That is because he cannot remember Joel De La Hoya ever complimenting him. But he said: "He's a Mexican father. It's about ego. He just won't tell me. One day he will. He knows I'm good."

The subject came up because the fathers of the two fighters are intimately involved in the day-to-day lives of their sons. Trinidad's father, Felix, Snr a former fighter, not only trains his son, but most reports say he tightly controls his son's life outside the ring as well. Trinidad, who is married and expecting a second child, says that is fine with him, that his father "taught me how to throw my first, second, third, fourth punch and all the punches I have thrown. He's my father and my trainer."

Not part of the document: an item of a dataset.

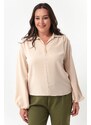 Lafaba Women's Beige Long Sleeved Plus Size Blouse with Necklace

Asked if his father withheld praise as De La Hoya's father does, Trinidad said, "my father gives me a lot of credit when I do things well and tells me when I do things wrong. That's why we are a very great team, father and son."

De La Hoya's father has been accused by people fired from the fighter's camp of exerting control over his son's career. De La Hoya was asked how he would feel if his father were with him every day like Trinidad's father. "I can't imagine it." De La Hoya said. "From the experience I've had with my father, if he were there every day, I couldn't take it. I'd want to be my own man. There'd be tension. He was there [in training camp] about three times and that was more than enough."

De La Hoya was asked if he knew that his father had told his son's trainer that he has never seen the boxer look so good. "I read it in a newspaper. But I don't want to read it, I want to hear it."